Users now store a lot more photos, a lot more of their own video, and any content that is DRM'd is also unique. You can save on operating system and application files, but it isn't 60%.

There is nothing 'finally' about this additional information. The discussion and criticism of the claims on Twitter was knowing this information about convergent encryption and the key being derived from the content. There is a lot more that is still unanswered - such as how an 'intelligent cache' allows 'unlimited' storage to be available offline.

I really wish these guys would release a research paper with their results, or include more information on their website before they make such bold claims in public.

[1] http://research.microsoft.com/apps/pubs/default.aspx?id=6995...

2 comments

any content that is DRM'd is also unique.
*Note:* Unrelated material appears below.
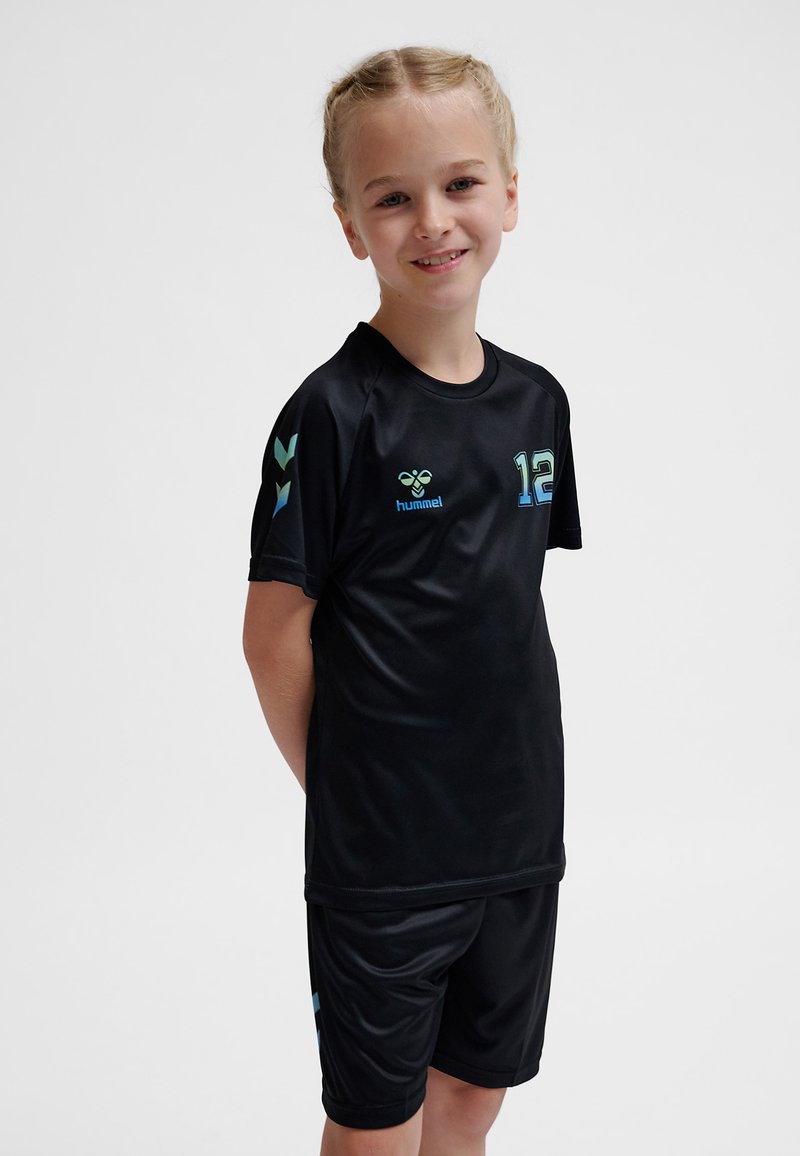 Lachend kind met gevlochten haar, gekleed in een zwart sportshirt en short met blauwe nummer 12 en hummel-logo's, staand met de handen achter de rug.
In most cases this isn't true. The computation involved in keying media on the fly while it's being downloaded is not insignificant when considered in volume. The added pain of storing everyone's unique keys also discourages this behavior. At worst you'll see different keys being used by region or datacenter, or perhaps key rotation on a weeks-months scale.
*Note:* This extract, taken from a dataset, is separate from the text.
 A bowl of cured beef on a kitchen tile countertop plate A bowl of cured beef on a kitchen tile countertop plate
Some media (both DRM and non-DRM) will be trivially unique because of metadata like purchaser info or music tags. In some cases this makes the first block unique but all later blocks are deduped, in other cases you need to be somewhat content aware so you can treat the header data separate from the real media data. This also allows you to catch a lot of data people ripped themselves using standard settings.

You can save on operating system and application files, but it isn't 60%.
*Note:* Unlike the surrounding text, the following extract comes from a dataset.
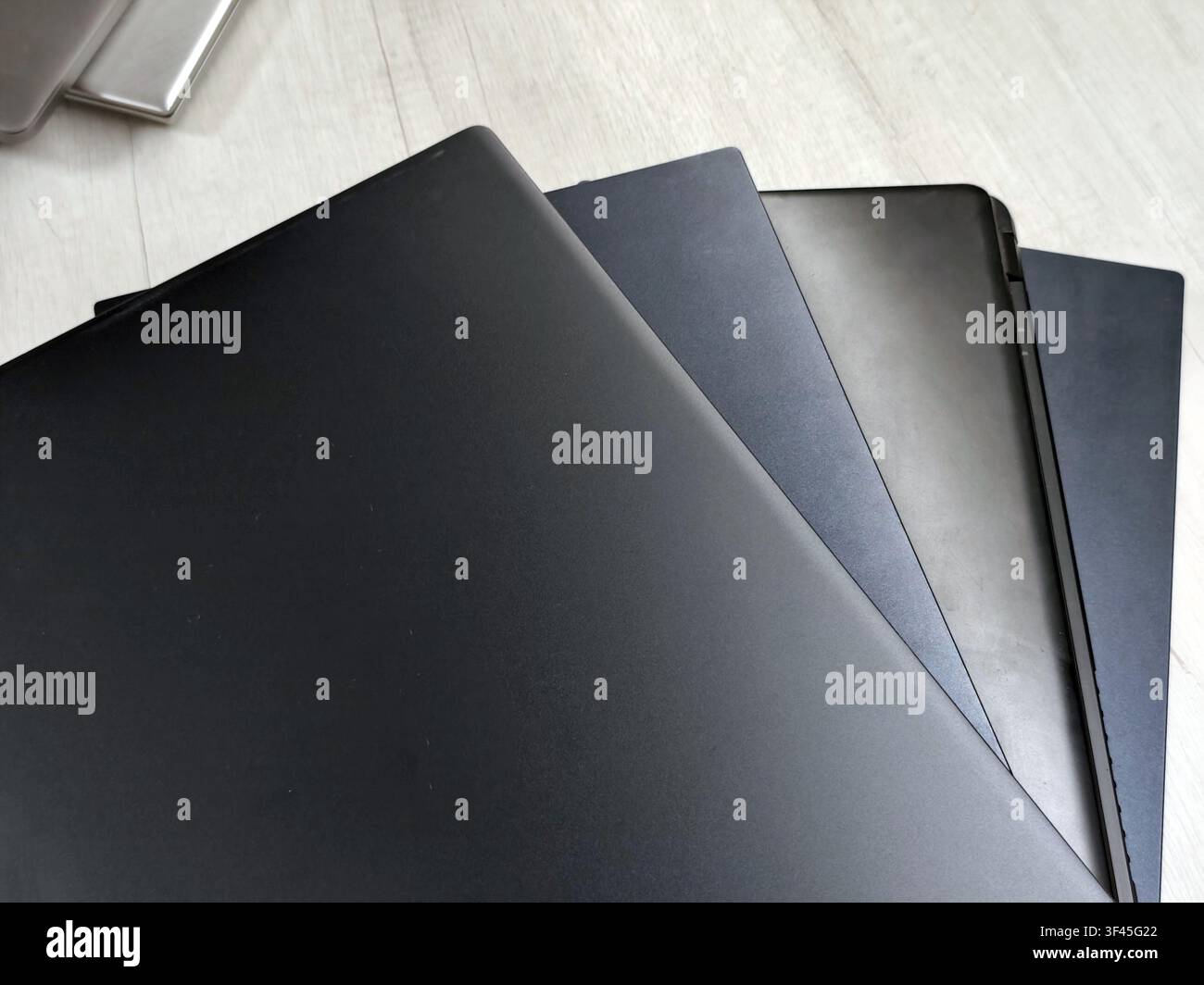 stack of laptops on a gray background, on the table, laptop computer, tablet, business, work, remote work, freelance. Stock Photo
While I agree that photos and videos will be the bulk of their problem, I don't think that ruins their premise. The question is if their userbase will be significantly overweight on heavy media creators. If it's a standard distribution, I wouldn't be surprised if a majority of people were under 10gb unique and 70%+ deduped.

I tested it on iTunes. bought the same television episode on two different accounts on two different laptops and compared them to find that they had 4-5 bytes in common.

Not sure how it works in WMP. It would be common in blu-ray rips, though.

I have to say that I am really curious as to why you would want to base your business viability on 'assumptions' regarding the average amount of users unique data.

I think one missed point when doing this generalization is also the target audience in early adopters for an unlimited service.

As we at SpiderOak quickly found it there are massive differences between 'common users' and the early adopters of a technically proficient service.

I am worried that Bitcasa will be in for a pretty rude awakening in that a large percentage of their early paying users will be JUST the people that store a TON of unique data (Raw files, encrypted data etc), skyrocketing their storage costs in a vulnerable phase of their development.